The mother of these little girls contacted me and said "I want pics of the girls!!!! Let me know when!!!" So we finally got a session booked. 
We meet at the local park for outdoor session. The girls run up to me excited and happy and ready...so I'm waiting for mom and she walks up with her own camera, her $5000 professional camera and lens she used when she worked as a photographer at a studio.....omg I was so got off with. I didn't know what to think. For half an hour she follwed us around taking Pics behind me! Soon she went and sat down. By then I was so "nervous" I was shaking! 

Anyone have any advice? How would u handle a situation like this?


----------



## Tiller (Apr 15, 2013)

I'm wondering why she had you taking pictures at all if she could have easily done it. Did she want to be in the pictures?


----------



## Designer (Apr 15, 2013)

Did she pay you?


----------



## ARS.photography.MS (Apr 15, 2013)

Tiller said:


> I'm wondering why she had you taking pictures at all if she could have easily done it. Did she want to be in the pictures?



No she didn't wanna be in pictures...just wanted her girls.....I'm wondering too....


----------



## ARS.photography.MS (Apr 15, 2013)

Designer said:


> Did she pay you?



Yes she did pay me.....


----------



## kathyt (Apr 15, 2013)

I would have asked her. I am pretty blunt like that. I have a pretty strict contract as well. If someone hires me they are hiring me for a reason, but that is strange.


----------



## ARS.photography.MS (Apr 15, 2013)

kathythorson said:


> I would have asked her. I am pretty blunt like that.



Yea...  I'm definitely not a blunt person like that.....it just really got under my skin and I was thinking Wth? Really? Why am I here?


----------



## imagemaker46 (Apr 15, 2013)

If you're intimidated by a mother and her expensive camera, then you have no business being in the business of taking pictures.  That's how you deal with this.


----------



## tirediron (Apr 15, 2013)

Expensive gear doth not a professional make.  LOTS of people with more money than skill have top-end gear; doesn't mean they know beans about it though.


----------



## runnah (Apr 15, 2013)

Next time smash her camera and make her children cry.


----------



## Designer (Apr 15, 2013)

ARS.photography.MS said:


> Designer said:
> 
> 
> > Did she pay you?
> ...



Then job well done.  Why sweat it?


----------



## pixmedic (Apr 15, 2013)

ARS.photography.MS said:


> Saturday I had a session with two beautiful little girls....bear in mind I'm new and not proclaiming to be a professional....BUT have had extremely happy and satisfied clients so far.
> The mother of these little girls contacted me and said "I want pics of the girls!!!! Let me know when!!!" So we finally got a session booked.
> We meet at the local park for outdoor session.

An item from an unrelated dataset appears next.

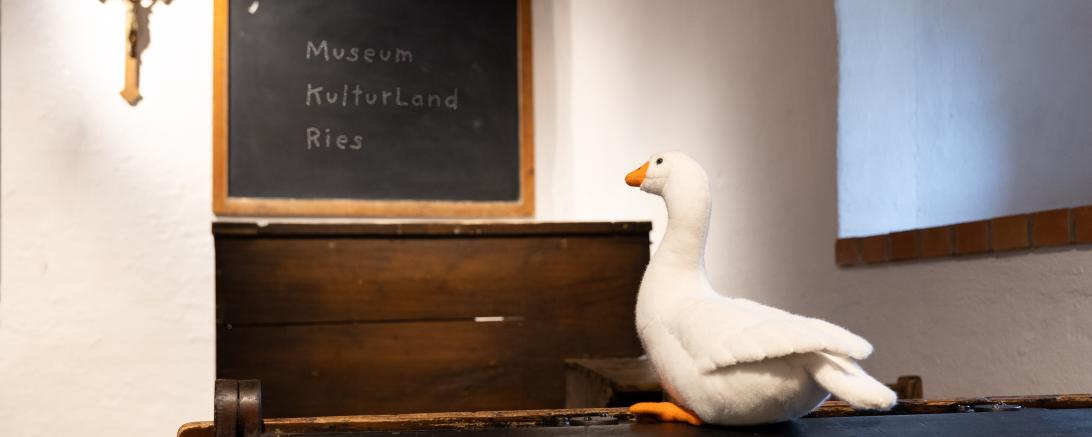 Museumsgans Marie in der Dauerausstellung des Museums KulturLand Ries.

The girls run up to me excited and happy and ready...so I'm waiting for mom and she walks up with her own camera, her $5000 professional camera and lens she used when she worked as a photographer at a studio.....omg I was so got off with. I didn't know what to think. For half an hour she follwed us around taking Pics behind me! Soon she went and sat down. By then I was so "nervous" I was shaking!
> 
> Anyone have any advice? How would u handle a situation like this?



not to nitpick...but if you are taking paid clients, you are putting yourself out there as a professional. 
As a professional that is getting paid to do a job, you need to be prepared to handle all sorts of situations like this. 
what did your contract say about other photographers taking photos during a shoot? Ours say no other photography during these kinds of shoots. weddings are a little different. but we have a contract for EVERY shoot, even if we are doing one for free for a friend. you have to be willing to bring up the tough questions when these things happen because there's nothing you can do now, after the fact. what would you have done if she had taken a bunch of pictures, and then decided not to pay you?

it is great that all of you clients thus far have been happy with your work, but there is a lot more to a photography business than just taking pictures. 
the two most important things in your photography business are "communication" and "contracts"
have a contract for EVERY shoot. silly as it may sound, do it.  everything should be in writing. i realize most people don't really stick to that one all the time, but we do. call me paranoid. talk to the client. before the shoot, while they are signing the contract, after the shoot. make SURE they are aware of their contractual obligations, as well as what is expected of them if they are going to be present at the shoot, and what to expect as the results of the shoot. 

if you dont have it in writing, you have pretty much zero recourse.  we would have explained to her from the very beginning that other cameras were not allowed, and if that was an issue, we would not have done the job. It sucks turning down work, and i definitely hate doing it, but if you start letting clients do whatever they want at your shoots with you just letting it go, whats to stop clients from starting to dictate your price and packages?

I guess my point is...work out exactly what is expected from you and the client before hand, put it in the contract, explain it all to the client, and make sure they understand it all before they sign. that way, they cant feign ignorance when they start doing stuff you don't want them to on your shoot. 
this is only good of course, if you are willing to stand up and enforce the terms of your contract.


----------



## ARS.photography.MS (Apr 15, 2013)

runnah said:


> Next time smash her camera and make her children cry.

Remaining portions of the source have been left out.